■ Task instructions
All of the lines below need to be copied exactly, apart from the pictures.

■ Raw data
⟨

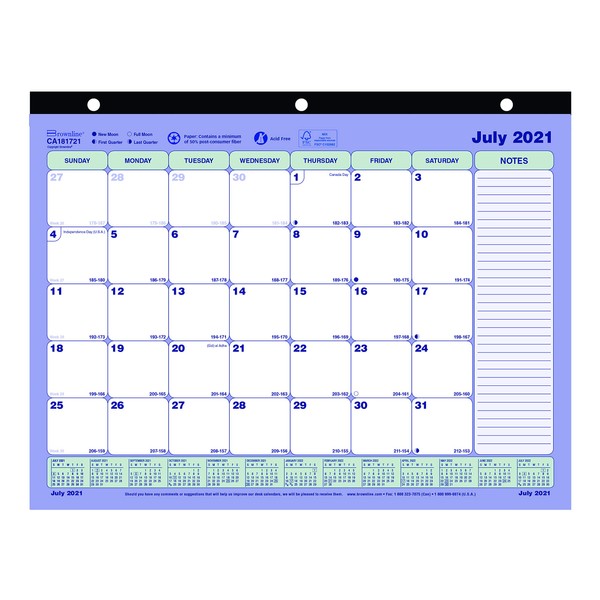 Brownline Academic Monthly Desk Pad Calendar, 13 Months, July 2021 to July 2022, 11" x 8.5" (CA181721-22)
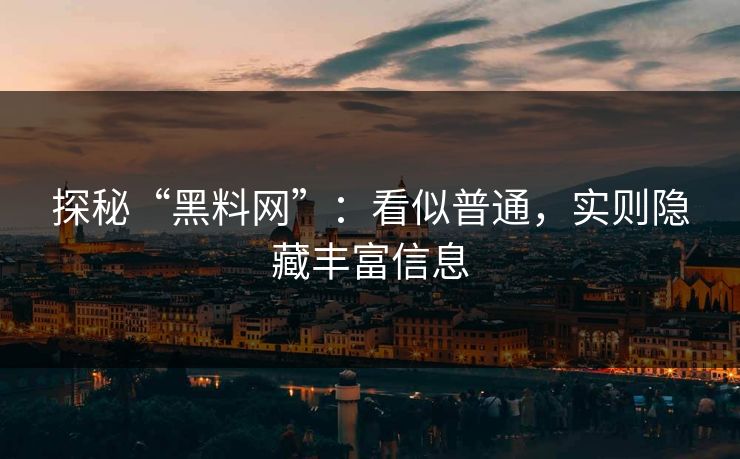 探秘“黑料网”：看似普通，实则隐藏丰富信息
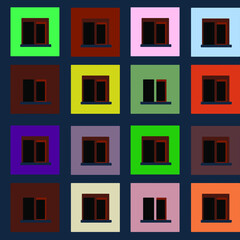 Colorful windows seamless pattern, city building background, vector illustration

⟩

■ Solution for this task
 Brownline Academic Monthly Desk Pad Calendar, 13 Months, July 2021 to July 2022, 11" x 8.5" (CA181721-22)
 探秘“黑料网”：看似普通，实则隐藏丰富信息
 Colorful windows seamless pattern, city building background, vector illustration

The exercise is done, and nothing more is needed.